Among the new material contained in the documents are donations amounting to $750,000 to a third-party group closely aligned to Walker from the owner of NL Industries, a company that historically produced lead paint. Within the same timeframe as the donations, the Republican-controlled legislature passed new laws making it much more difficult for victims of lead paint poisoning to sue NL Industries and other former lead paint manufacturers (the laws were later overturned in the federal courts).
The John Doe files also provide new insight into the extensive efforts made by allies of Scott Walker to help a conservative member of the Wisconsin supreme court, David Prosser, hang onto his seat in a 2011 re-election.

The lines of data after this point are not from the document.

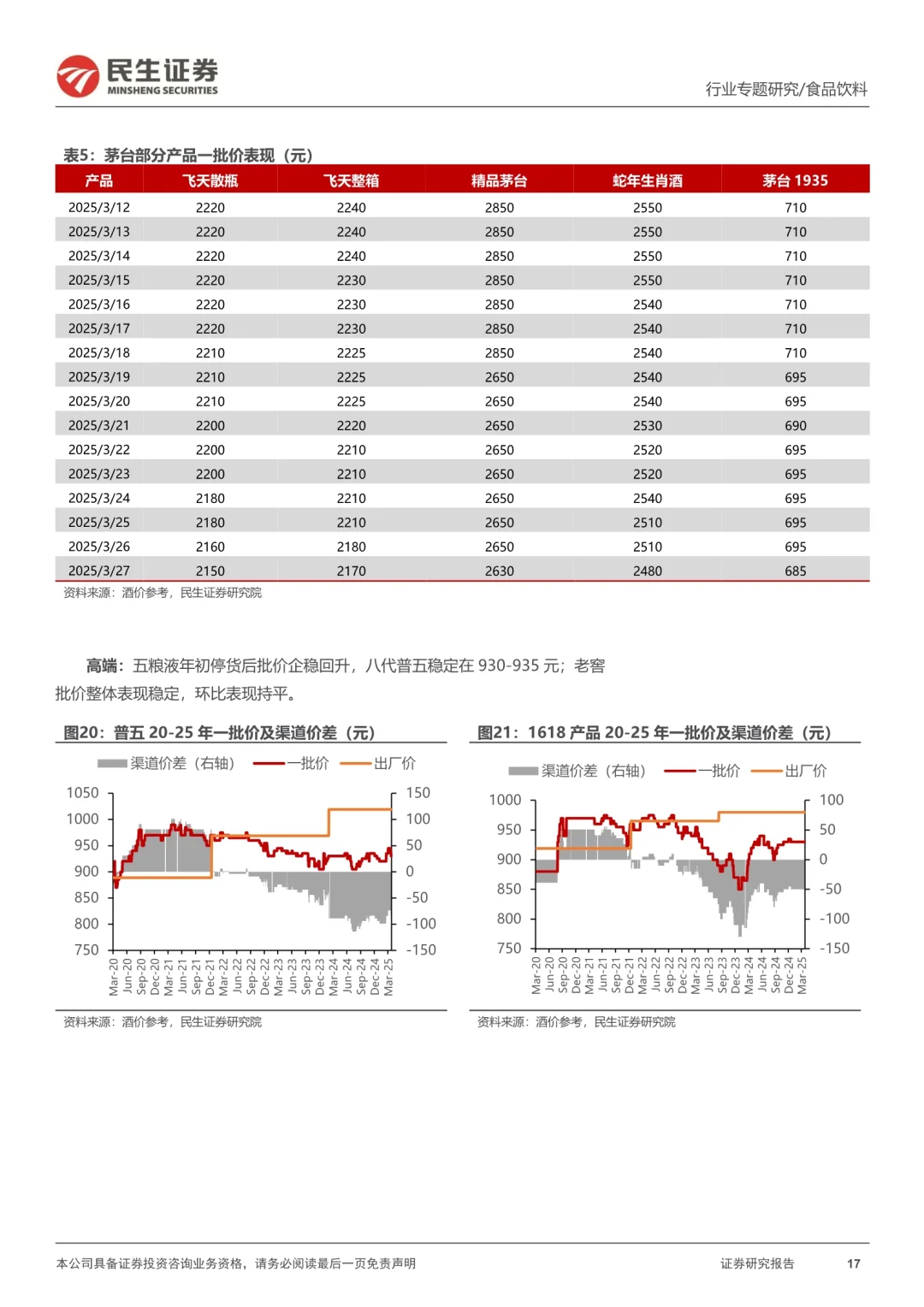 即时零售将加速白酒渠道现代化变革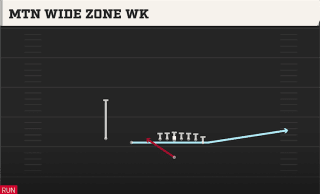 Mtn Wide Zone WK play art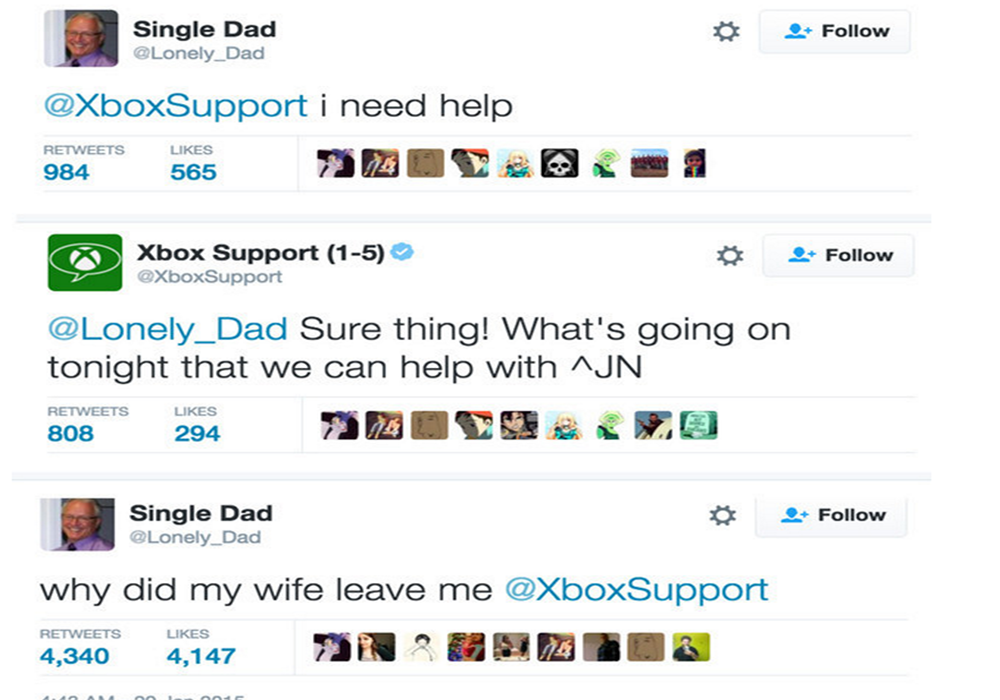 Customer service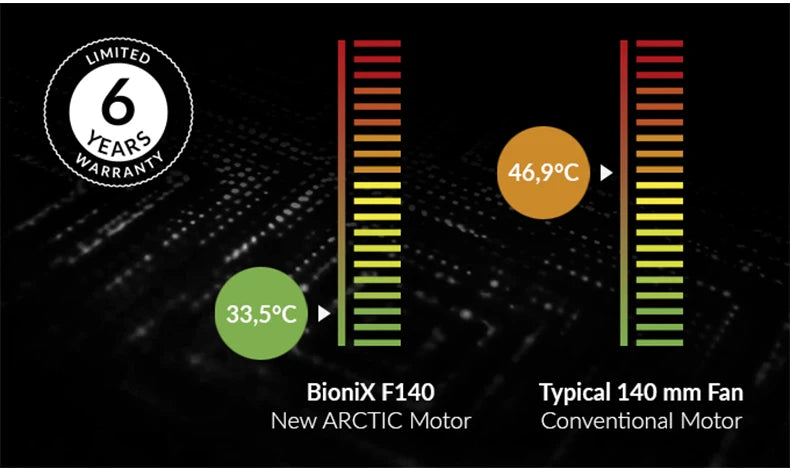 ARCTIC BioniX F140 White 140mm PC Gaming Fan with PWM Sharing Technology Quiet Motor 200-1800 RPM for Computer Cooling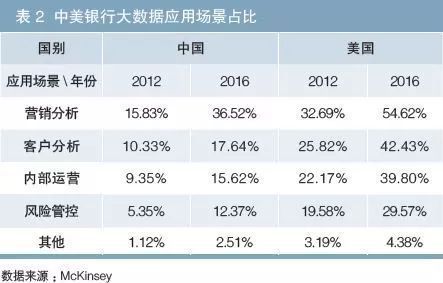 大数据对金融业的影响（大数据对金融业的影响不包括）-第2张图片-华田资讯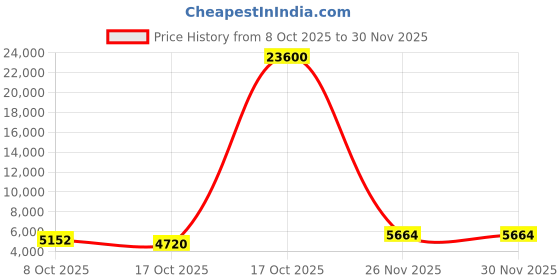 myntra.com ODETTE Embroidered Cotton Semi-Stitched Lehenga & Unstitched Blouse With Dupatta odette Price History Graph from 8 Oct 2025 to 30 Nov 2025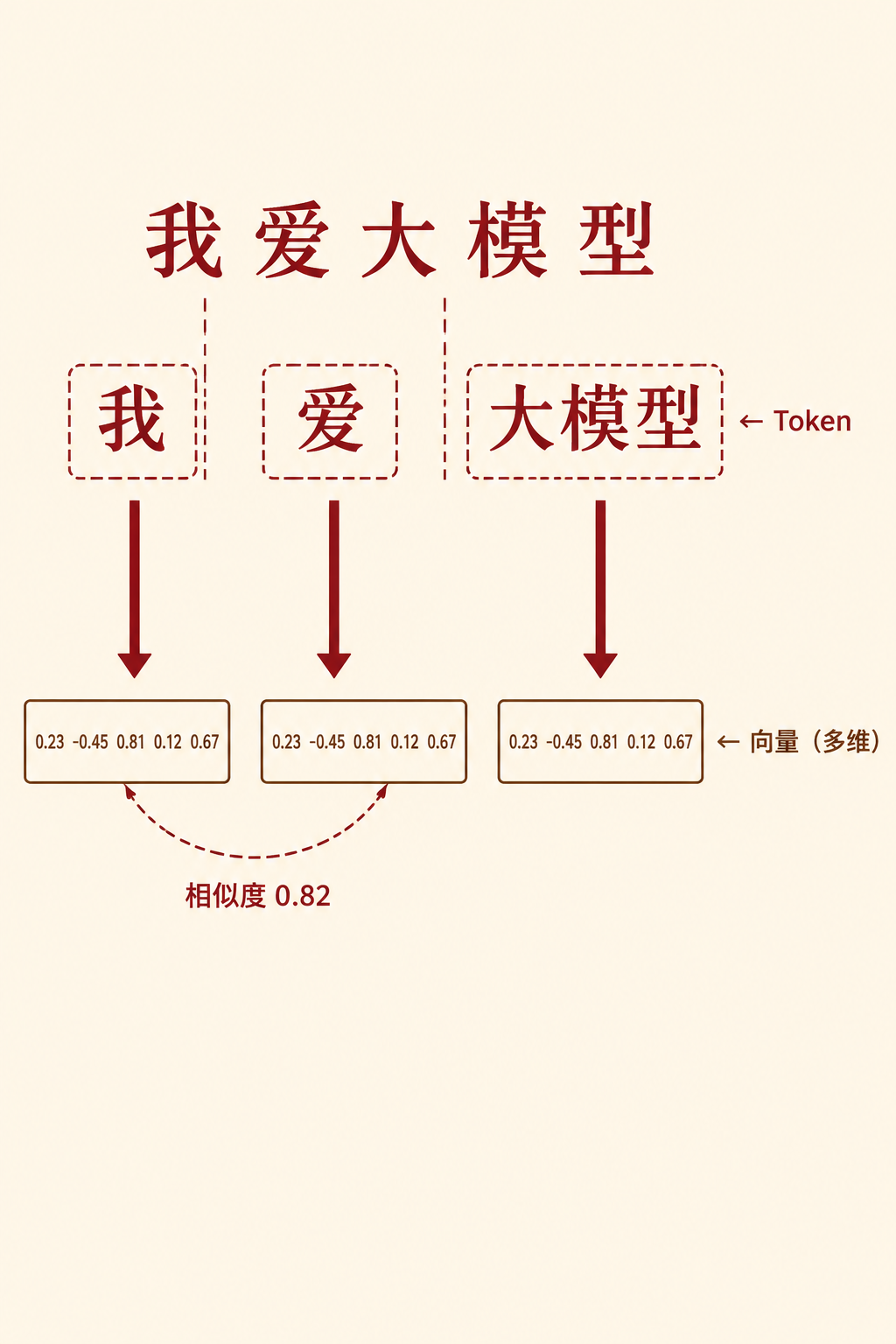 Token 是计价单位：中文切成 Token 方块，标注计数与费用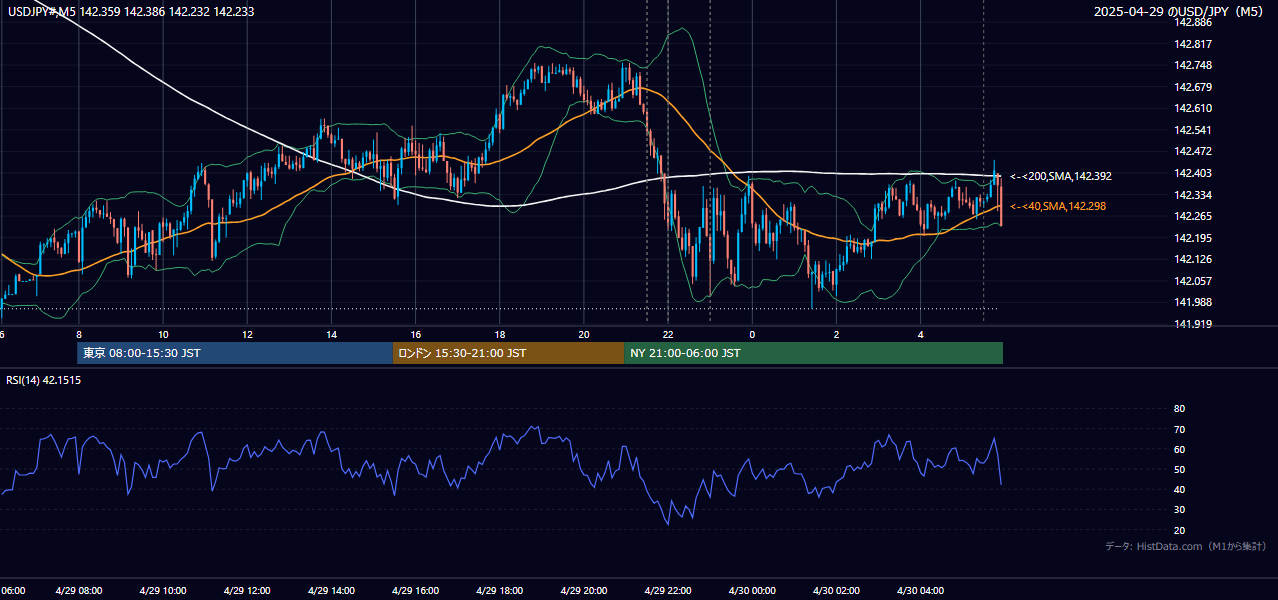 2025-04-29（火） USD/JPY 5分足チャート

A network of like-minded groups and campaigners channeled $3.5m in undisclosed corporate funds to pay for TV and radio ads backing the judge.
The push was seen as vital, the documents disclose, as a means of retaining the rightwing majority of the court and thereby preserving the anti-union measures introduced by Walker. “If we lose [Justice Prosser], the Walker agenda is toast,” one ally writes in an email sent around to the governor’s chief of staff and several conservative lobbyists.
In 2015, Justice Prosser refused to recuse himself from a case in which the state supreme court sat in judgment over the John Doe investigation, despite the fact that the investigation focused on precisely the same network of lobbying groups and donors that had helped him hang onto his seat. The judge joined a majority of four conservative justices who voted to terminate the investigation and destroy all the documents now leaked to the Guardian.
Prosser told the Guardian that four years had passed since his re-election before he joined the decision to close the John Doe investigation, over which time any potential conflict of interest had faded.
The John Doe investigation was launched in 2012 after a set of recall elections that were forced on Walker and six Republican state senators in the wake of their hyper-partisan anti-union measure, Act 10. The prosecutors alleged that the governor’s campaign committee had operated a coordinated network involving outside lobby groups through which unlimited amounts of corporate money could be channeled without public disclosure.
Walker and the other parties who were the subjects of the John Doe investigation have all protested that they were unfairly accused of legal violations. They point out that no charges have been brought in the case, and that a succession of Wisconsin courts, including the state’s highest, have cleared them of wrongdoing.
Walker’s campaign told the Guardian that the John Doe investigation was “baseless” and had been shut down multiple times by the state courts. “There is absolutely no evidence of any wrongdoing,” a spokesman said.
The third-party lobbying groups that were the subject of the investigation said the prosecutors had accused wholly innocent individuals of crimes that did not exist under state law. They insisted they had a right to comment about public officials and policy and to protect the confidentiality of their donors.